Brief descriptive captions
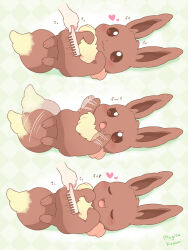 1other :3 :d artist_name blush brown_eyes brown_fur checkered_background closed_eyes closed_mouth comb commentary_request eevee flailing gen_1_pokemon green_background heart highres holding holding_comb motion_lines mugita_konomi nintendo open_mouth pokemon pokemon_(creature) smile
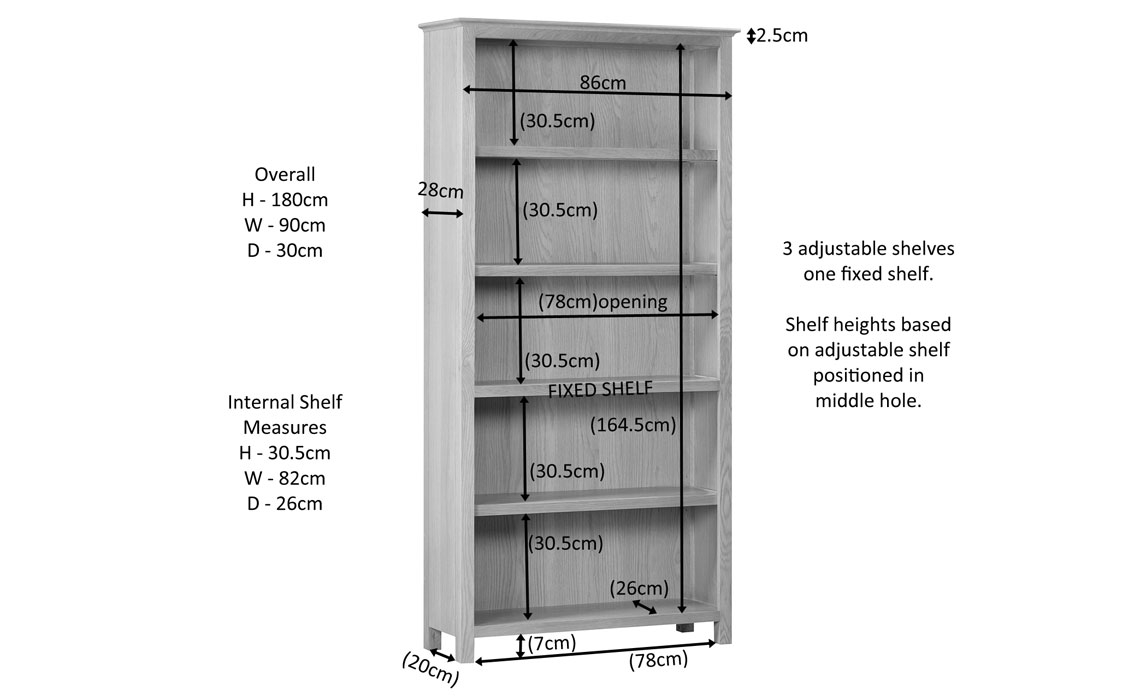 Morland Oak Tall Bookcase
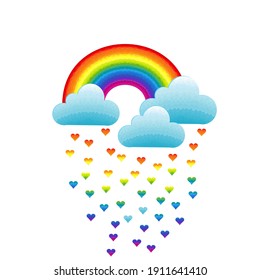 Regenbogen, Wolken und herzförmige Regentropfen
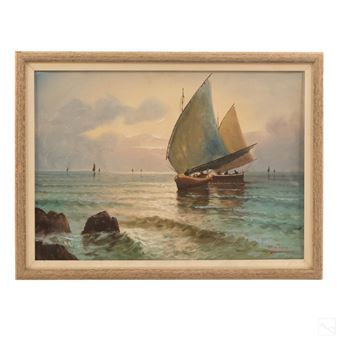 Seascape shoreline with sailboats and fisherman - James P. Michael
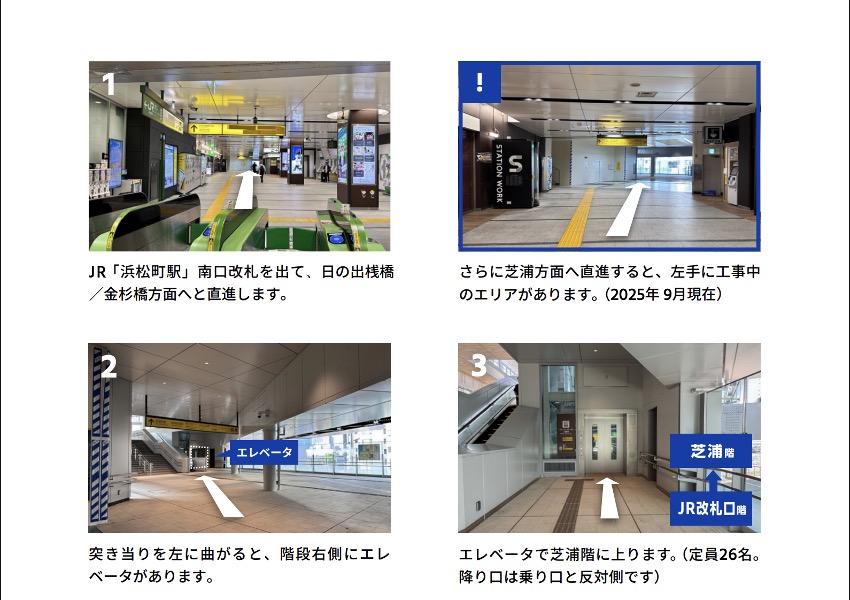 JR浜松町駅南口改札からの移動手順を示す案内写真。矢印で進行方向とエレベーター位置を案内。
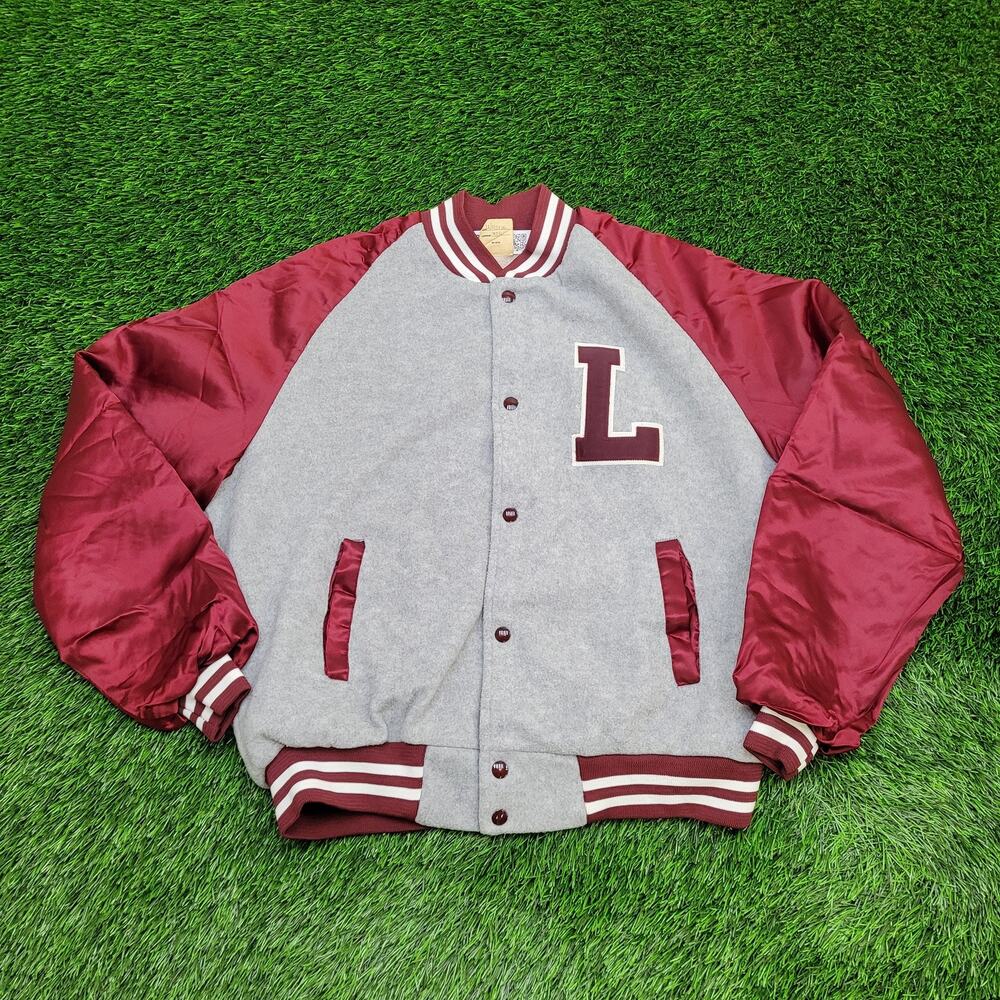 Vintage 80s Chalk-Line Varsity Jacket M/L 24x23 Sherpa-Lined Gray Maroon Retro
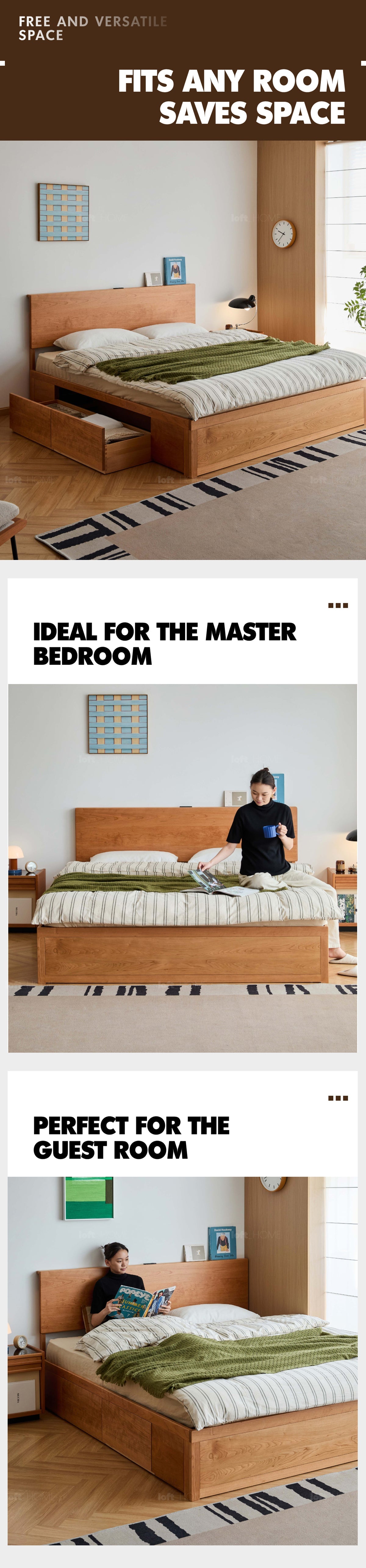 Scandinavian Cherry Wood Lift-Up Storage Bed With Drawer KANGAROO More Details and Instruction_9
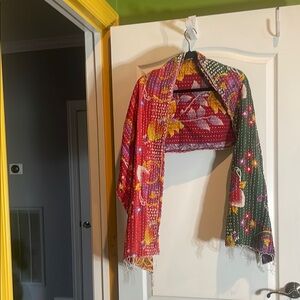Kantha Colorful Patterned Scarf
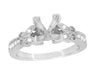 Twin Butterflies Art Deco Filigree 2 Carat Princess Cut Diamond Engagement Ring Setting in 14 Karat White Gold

▶ _TASK BRIEF_
Looking above, find the stretch of lines that opens with the one holding "Regenbogen, Wolken und" and closes with the one holding "Scandinavian Cherry Wood". Copy it exactly, pictures excluded.

▶ _OUTPUT BELOW_
 Regenbogen, Wolken und herzförmige Regentropfen
 Seascape shoreline with sailboats and fisherman - James P. Michael
 JR浜松町駅南口改札からの移動手順を示す案内写真。矢印で進行方向とエレベーター位置を案内。
 Vintage 80s Chalk-Line Varsity Jacket M/L 24x23 Sherpa-Lined Gray Maroon Retro
 Scandinavian Cherry Wood Lift-Up Storage Bed With Drawer KANGAROO More Details and Instruction_9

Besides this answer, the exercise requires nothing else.